Critics have often lamented an apparent deficit or backlog in the knowledge and understanding of Belgium’s colonial past. This argument is gradually losing its validity, as general and academic interest in both colonial and postcolonial history in Belgium have gained momentum in recent years. Never before has so much been studied and published on a wide variety of aspects of Belgium’s presence in Central Africa between 1885 and 1960 as well as of its long aftermath in the decades that followed. In addition, public controversy in politics and society on the legacies and dealing with the colonial past remains unprecedented. Belgium is no exception in the wider landscape of postcolonial societies. Quite often historical scholarship tends to be ahead of the public debate, and the inaccurate impression is frequently provided that “for too long” there has been “little or no interest” in some traumatic or problematic past. The general public does not always fully take note of what professional historians have previously achieved. It is no different in the current postcolonial debate in Belgium.
Matthew Stanard’s book, The Leopard, the Lion, and the Cock: Colonial Memories and Movements in Belgium, is a timely addition to the current debate. For a number of years, Belgium, following the example of its neighboring countries (France, the Netherlands, Germany, and Great Britain), has been witnessing intense debates on the legacies and memories of the colonial past, all strongly connected with questions of identity, migration, and citizenship. Stanard specializes in colonialism and the end of empire more broadly, and on the Belgian case in particular. His book offers a broad overview of the many traces of memory in both the material and immaterial culture of Belgium, before as well as after Congolese independence. This book brings a most welcome global and comparative perspective to the subject from an author who is also very well informed about the current state of historical scholarship in Belgium. The extensive bibliography shows that the author reads both French and Dutch. This gives the book a high degree of familiarity for Belgian specialists and enriches the mainly Anglo-Saxon-dominated general literature on colonialism and postcolonialism with a case study based on material written in languages other than English. This book can also be used as a handbook and guide to the many monuments that emerged from or refer to the colonial period in Belgium.
The enduring presence and visibility of the empire in the metropole—and not vice versa—constitute the central line of argumentation in Stanard’s book. The author also seeks to provide answers to some larger questions, for example, how the colonial experience and its memories have impacted the relations between the two language communities in Belgium. Hence the title, the significance of which is probably not immediately evident to the general reader: How did the leopard (Congo), the lion (Flanders), and the cock (Wallonia) relate to each other? The colonial project as such, both in substance and in memory, had been pre-eminently a national Belgian affair (and significantly strengthened Belgian nationalism in the late nineteenth and early twentieth centuries), yet Stanard sees a number of differences within Belgium in addition to various similarities: a stronger focus on the role of missionaries in Flanders and a more positive appreciation of the monarchy and the colonial system as such in French-speaking Belgium.
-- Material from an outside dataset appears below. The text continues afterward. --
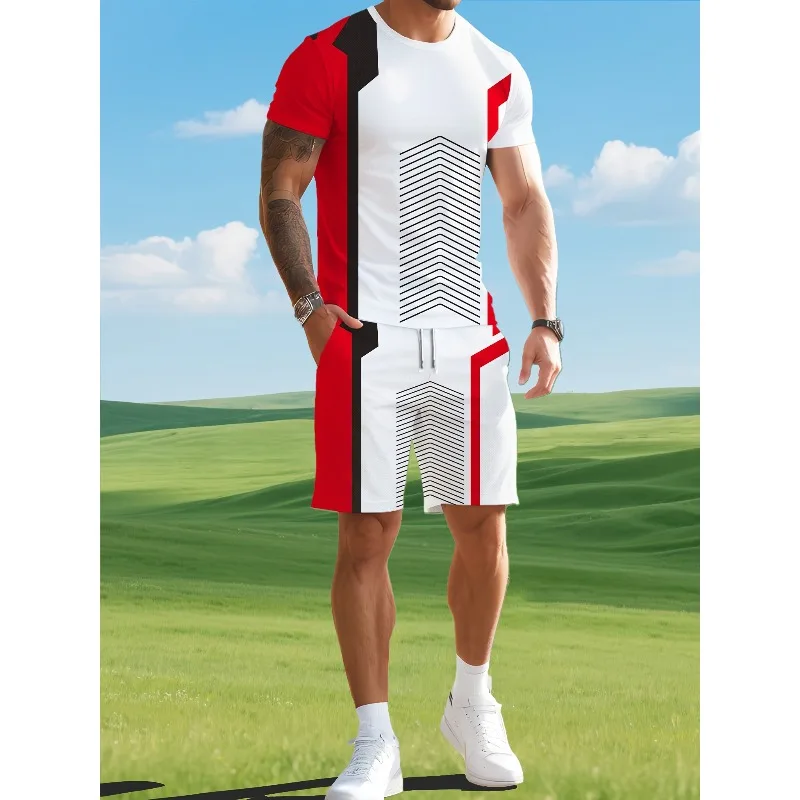 2025 Summer Men's Daily Leisure Sports Street Travel Personalized 3D Printed Round Neck Short Sleeved T-shirt Shorts Set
That Flemish nationalism used anti-colonial discourse in its own critique of the Belgian state, the monarchy, and the francophone establishment is therefore not entirely surprising. The book also suggests that losing the empire in 1960 hastened the decline of the Roman Catholic Church, since church and colony had formed such a strong symbiosis during the previous decades. From this, one could eventually draw far-reaching conclusions, namely that the postcolonialism debate—which began in the early 2000s—was also encouraged by the evaporation of the Belgian unitary state and by the rapid loss of power and influence of the Church (including its affiliated Christian Democratic party). However, these remain important assumptions that still require further empirical substantiation.
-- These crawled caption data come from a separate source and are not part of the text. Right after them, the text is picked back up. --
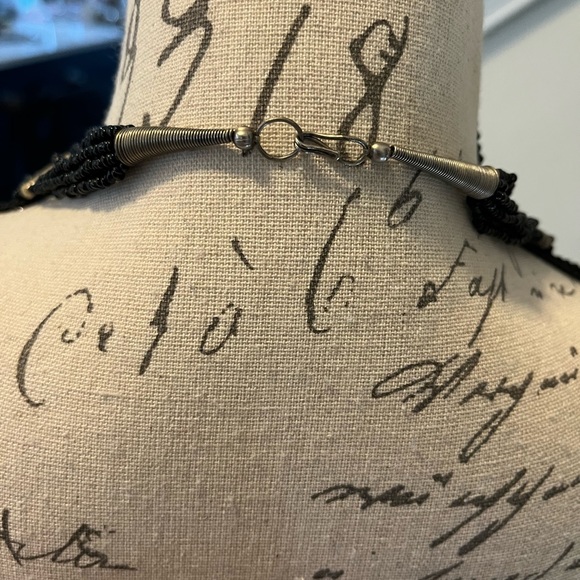 Vintage Multi Strand Hand Strung, Native, Black Seed Bead, Cleopatra Necklace. - Picture 2 of 8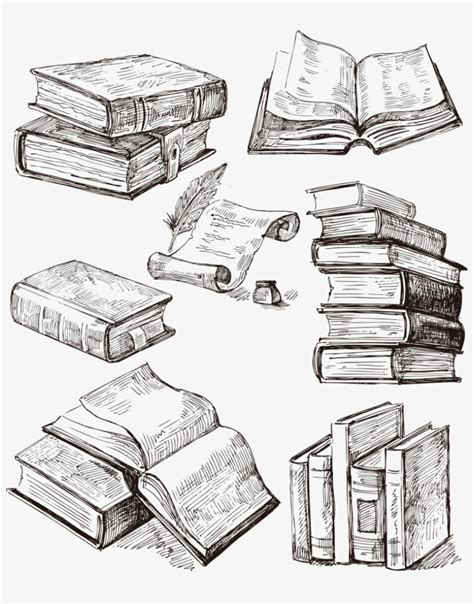 ο Θαλής και τα βιβλία: Book Stack Drawing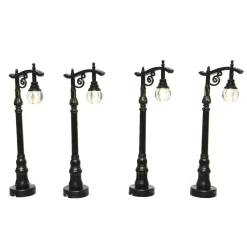 KAEMINGK Personaggi E Accessori Per Villaggio-Set di 4 lampioni illuminati (H10 cm) Antichi per arredare un villaggio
The Leopard, the Lion, and the Cock is much stronger as a panoramic overview of the many material traces left behind by Belgium’s colonial past than as a thorough conceptual analysis. This book is not primarily intended for readers who are more interested in substantive historiographical arguments and controversies. Stanard presents his arguments in a careful and nuanced manner. For example, he advocates not speaking of “one” homogeneous memory, but rather of a layering of memories that have manifested themselves in different ways over time. Shifting contexts, new generations, and different memory entrepreneurs have changed the mnemonic landscape substantially. This is often overlooked, and memory cultures of the past are frequently misread—the myth about “forgetting” or “suppressing” the colonial past by previous generations serves as a recurrent example. The author treats this rich and multifaceted subject with an excellent sense of nuance and great detail. His book is a most welcome contribution to a debate that will remain on the political agenda for a long time.